Kansas protects the right to reproduce in elections


Kansas protects abortion rights in election

The Kansans voted to protect the right to spawn in their state. The result leaves no room for doubt and is a great achievement for the movement that defends women’s right to nominate, especially in one of those heavily conservative places in the United States. 60% of those summoned to the elections on Tuesday voted against a parliamentary initiative in the primaries which will determine the candidates that each party will present in the legislative elections next November (with 87% of the votes counted). with a Republican majority trying to amplify a remedy to the Constitution. This new legislation left lawmakers free to prohibit or severely restrict the state’s constitutional right to childbirth for nearly three million residents up to 22 weeks from their last menstrual period.

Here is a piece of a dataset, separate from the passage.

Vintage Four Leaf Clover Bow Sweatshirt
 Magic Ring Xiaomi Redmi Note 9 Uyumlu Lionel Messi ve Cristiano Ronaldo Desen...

Due to its great symbolism, the referendum had a great impact throughout the country, whose two halves, perhaps more opposed on this issue than on any other, followed with passion.

This is the first vote of these features since the Supreme Court on June 24 overturned the half-century precedent set by Roe v. Wade, who incorporated women’s suffrage discretion into the 1973 Constitution. Summary value returned constituent power to the states. Since the error, 11 have banned or severely restricted the right to reproduce through laws passed by their legislators that went into hibernation as soon as the Supreme Court, the most conservative in eight decades, opened the door.

The text submitted to the referendum was certainly confused; so much so that both parties used a good chunk of the millionaire’s campaign money to explain what it means to choose yes (which actually means saying no to monstrosity) and the implications of an ash vote. triumphing by a large majority, losing more than the polls predicted.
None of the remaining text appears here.